El ayuno es una práctica recurrente y recomendada por los santos de todas las épocas, que acrecienta la intimidad con el Señor y nos ayuda a evitar el pecado.
Las Sagradas Escrituras y toda la tradición cristiana enseñan que el ayuno es una gran ayuda para evitar el pecado y todo lo que induce a él. También los Padres de la Iglesia hablan de la fuerza del ayuno, capaz de frenar el pecado, reprimir los deseos del “viejo Adán” y abrir en el corazón del creyente el camino hacia Dios, recuperando la amistad con Él.
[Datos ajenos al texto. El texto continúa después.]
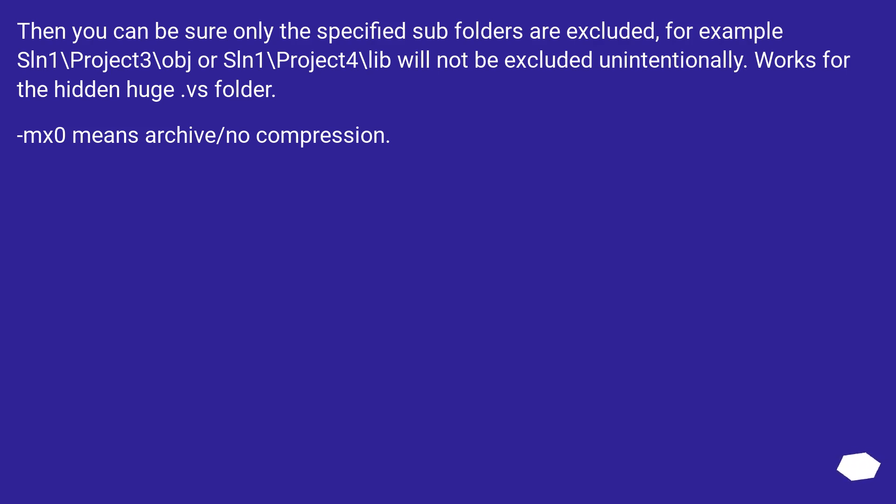It works for the hidden huge .vs folder. -mx0 means archive with no compression.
En su tratado, “La utilidad del ayuno”, San Agustín escribía: “Yo sufro, es verdad, para que Él me perdone; yo me castigo para que Él me socorra, para que yo sea agradable a sus ojos, para gustar su dulzura”.
Jesús, orando y ayunando se preparó a su misión, cuyo inicio fue un duro enfrentamiento con el tentador.
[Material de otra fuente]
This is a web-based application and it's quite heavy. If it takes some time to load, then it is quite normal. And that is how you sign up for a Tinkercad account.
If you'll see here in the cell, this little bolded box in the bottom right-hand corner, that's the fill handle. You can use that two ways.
Con el ayuno, el creyente desea someterse humildemente a Dios, confiando en su bondad y su misericordia.
En el Nuevo Testamento, Jesús indica la razón profunda del ayuno, estigmatizando la actitud de los fariseos, que observaban escrupulosamente las prescripciones que imponía la ley, pero su corazón estaba lejos de Dios. El verdadero ayuno, repite en otra ocasión el Maestro, consiste más bien en cumplir la voluntad del Padre celestial, que “ve en lo secreto y te recompensará” (Mt 6,18).
Jesús nos da ejemplo al responder a Satanás, al término de los cuarenta días pasados en el desierto, que “no sólo de pan vive el hombre, sino de toda palabra que sale de la boca de Dios” (Mt 4,4). El verdadero ayuno, por consiguiente, tiene como finalidad comer el “alimento verdadero”, que es hacer la voluntad del Padre (cfr. Jn 4, 34).
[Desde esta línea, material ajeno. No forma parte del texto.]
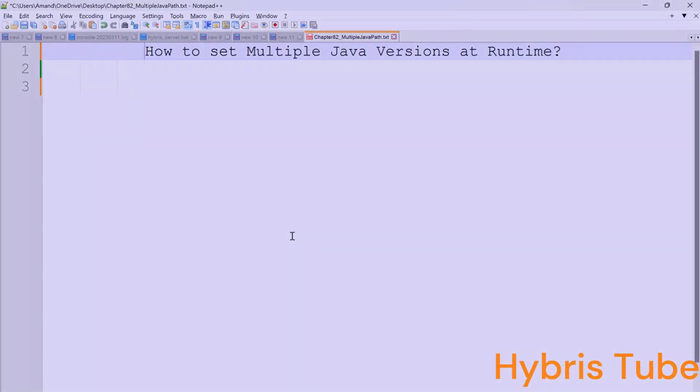Hello friends, welcome to the 82nd session of Hybris Tutorial. In this session, we are going to learn a very simple but very important topic: how to set multiple Java versions at runtime.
Privarse por voluntad propia del placer del alimento material que nutre el cuerpo facilita una disposición interior a escuchar a Cristo y a nutrirse de su palabra de salvación, y nos ayuda a controlar los apetitos de la naturaleza humana debilitada por el pecado original. Un antiguo himno litúrgico cuaresmal nos dice: “Usemos de manera más sobria las palabras, los alimentos y bebidas, el sueño y los juegos, y permanezcamos vigilantes, con mayor atención”.
Con el ayuno, tomamos conciencia de la situación en la que viven muchos de nuestros hermanos.
En la Constitución apostólica Paenitemini de 1966, Pablo VI identificaba la necesidad de colocar el ayuno en el contexto de la llamada a todo cristiano a no “vivir para sí mismo, sino para aquél que lo amó y se entregó por él y a vivir también para los hermanos”. El ayuno puede ayudarnos a mortificar nuestro egoísmo y a abrir el corazón al amor de Dios y del prójimo.
Al escoger libremente privarnos de algo para ayudar a los demás, demostramos que el prójimo que pasa dificultades no nos es extraño. Este fue, desde el principio, el estilo de la comunidad cristiana, en la que se hacían colectas especiales y se invitaba a los fieles a dar a los pobres lo que, gracias al ayuno, se había recogido.